EXTRACTED DATA Start Marker
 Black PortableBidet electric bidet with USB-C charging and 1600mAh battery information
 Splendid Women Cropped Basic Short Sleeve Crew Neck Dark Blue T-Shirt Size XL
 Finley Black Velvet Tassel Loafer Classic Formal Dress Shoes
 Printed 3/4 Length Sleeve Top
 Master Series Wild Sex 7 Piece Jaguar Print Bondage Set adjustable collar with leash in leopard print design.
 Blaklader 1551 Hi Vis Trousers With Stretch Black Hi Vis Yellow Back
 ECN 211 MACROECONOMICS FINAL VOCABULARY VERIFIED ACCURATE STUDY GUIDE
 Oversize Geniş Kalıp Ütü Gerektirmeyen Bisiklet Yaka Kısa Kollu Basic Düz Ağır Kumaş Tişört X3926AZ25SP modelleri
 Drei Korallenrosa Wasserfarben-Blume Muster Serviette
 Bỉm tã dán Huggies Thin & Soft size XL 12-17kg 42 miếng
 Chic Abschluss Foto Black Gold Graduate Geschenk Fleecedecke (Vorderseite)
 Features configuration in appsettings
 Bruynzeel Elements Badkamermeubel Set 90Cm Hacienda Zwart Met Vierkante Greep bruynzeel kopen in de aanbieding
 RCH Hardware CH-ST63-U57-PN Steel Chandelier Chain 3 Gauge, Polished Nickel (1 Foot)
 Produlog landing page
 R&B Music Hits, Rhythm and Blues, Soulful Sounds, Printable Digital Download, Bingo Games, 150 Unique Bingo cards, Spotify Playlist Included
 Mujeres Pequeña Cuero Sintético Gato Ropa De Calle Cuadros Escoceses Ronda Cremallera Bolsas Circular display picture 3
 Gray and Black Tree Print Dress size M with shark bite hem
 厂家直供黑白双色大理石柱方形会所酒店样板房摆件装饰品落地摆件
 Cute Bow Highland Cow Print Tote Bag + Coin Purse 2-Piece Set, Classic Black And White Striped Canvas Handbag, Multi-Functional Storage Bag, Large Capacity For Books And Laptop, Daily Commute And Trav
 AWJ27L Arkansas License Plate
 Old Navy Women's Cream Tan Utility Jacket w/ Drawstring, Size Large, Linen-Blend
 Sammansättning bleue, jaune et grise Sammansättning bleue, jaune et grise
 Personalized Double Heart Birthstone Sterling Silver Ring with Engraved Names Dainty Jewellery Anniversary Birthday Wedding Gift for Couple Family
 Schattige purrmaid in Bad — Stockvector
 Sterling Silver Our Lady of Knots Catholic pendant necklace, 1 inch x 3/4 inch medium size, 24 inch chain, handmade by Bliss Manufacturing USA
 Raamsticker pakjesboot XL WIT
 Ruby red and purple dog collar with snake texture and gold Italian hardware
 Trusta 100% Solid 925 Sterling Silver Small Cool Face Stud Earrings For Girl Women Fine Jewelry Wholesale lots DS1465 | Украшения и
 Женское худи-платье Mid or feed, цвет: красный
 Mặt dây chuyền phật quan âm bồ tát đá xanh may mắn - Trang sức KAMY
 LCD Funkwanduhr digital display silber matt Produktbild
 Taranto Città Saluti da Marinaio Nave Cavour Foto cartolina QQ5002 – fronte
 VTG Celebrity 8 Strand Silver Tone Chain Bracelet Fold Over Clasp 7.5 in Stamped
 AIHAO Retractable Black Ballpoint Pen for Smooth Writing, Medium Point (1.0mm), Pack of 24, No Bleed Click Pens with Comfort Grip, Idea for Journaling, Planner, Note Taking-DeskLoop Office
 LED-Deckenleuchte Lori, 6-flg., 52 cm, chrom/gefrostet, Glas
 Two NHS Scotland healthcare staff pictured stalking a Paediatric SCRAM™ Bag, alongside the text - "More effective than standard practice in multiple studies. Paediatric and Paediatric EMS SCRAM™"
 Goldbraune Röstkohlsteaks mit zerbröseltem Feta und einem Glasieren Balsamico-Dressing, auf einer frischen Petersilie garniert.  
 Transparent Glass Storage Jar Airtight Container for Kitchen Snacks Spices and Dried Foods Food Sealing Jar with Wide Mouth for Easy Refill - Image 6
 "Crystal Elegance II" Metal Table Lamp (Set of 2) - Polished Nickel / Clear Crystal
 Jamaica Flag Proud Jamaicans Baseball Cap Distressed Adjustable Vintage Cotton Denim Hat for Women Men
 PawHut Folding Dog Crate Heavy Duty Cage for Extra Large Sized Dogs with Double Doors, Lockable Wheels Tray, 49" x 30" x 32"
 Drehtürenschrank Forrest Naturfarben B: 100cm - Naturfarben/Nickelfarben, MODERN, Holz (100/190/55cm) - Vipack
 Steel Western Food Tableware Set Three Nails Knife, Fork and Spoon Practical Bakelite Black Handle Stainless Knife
EXTRACTED DATA End Marker
PROBLEM STATEMENT:
I'd like the lines above from the one with "Blaklader 1551 Hi" up to and including the one with "Chic Abschluss Foto" copied exactly, with no other lines.

RESULT OF THIS TASK:
 Blaklader 1551 Hi Vis Trousers With Stretch Black Hi Vis Yellow Back
 ECN 211 MACROECONOMICS FINAL VOCABULARY VERIFIED ACCURATE STUDY GUIDE
 Oversize Geniş Kalıp Ütü Gerektirmeyen Bisiklet Yaka Kısa Kollu Basic Düz Ağır Kumaş Tişört X3926AZ25SP modelleri
 Drei Korallenrosa Wasserfarben-Blume Muster Serviette
 Bỉm tã dán Huggies Thin & Soft size XL 12-17kg 42 miếng
 Chic Abschluss Foto Black Gold Graduate Geschenk Fleecedecke (Vorderseite)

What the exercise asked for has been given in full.